Three languages? Trilingual. Two? Bilingual. One? American.

There’s an old joke that asks what someone who can speak x number of languages is called, and goes through (depending on how pedantic the teller is) the various prefixes down through bilingual for someone who speaks two languages. The final question is, of course, what one would call someone who can only speak a single language. The natural progression would be to monolingual, of course. The joke turns it around and says “American.”

All too often, this is true. Though my mind has started putting an “insert your own frothing-at-the-mouth-Republican joke here” after bilingual, due to the all too frequent bitchings about “if you’re going to come to this country, learn the damned language!” from the right wing.

Unfortunately, I fall pretty squarely into the “American” stereotype, because I have a hard time following a conversation between two native Spanish speakers.

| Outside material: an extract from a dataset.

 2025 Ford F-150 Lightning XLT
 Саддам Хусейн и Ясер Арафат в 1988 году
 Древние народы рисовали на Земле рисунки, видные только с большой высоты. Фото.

It has a bit more to do with the inflections and lingual shortcuts native speakers of any language take than lack of understanding of most of the words, because as a word geek, I can tease out the meaning of most words, especially if I see them written down.

However, I’m also not going to go to another country and automatically expect them to know perfect American English just because I’m in the vicinity, which seems to be the modus operandi of most of those frothing-at-the-mouth-Republicans who expect immigrants to know perfect American English upon day two or three after setting foot on American soil. …If they’re feeling generous. Yes, this his hyperbole. Unfortunately, it’s not hyperbolic enough to be less than true.

Instead of speaking my American English more loudly and slowly when someone doesn’t understand, I tend to be embarrassed that I don’t know their language well enough to speak it in a way they’d prefer to hear. In fact, I think that if I ever end up going to any country other than maybe Canada, I’ll make it a point to learn the sentence “I apologise for my inability to speak your language.” before anything else. Or, at the very least, have it written down.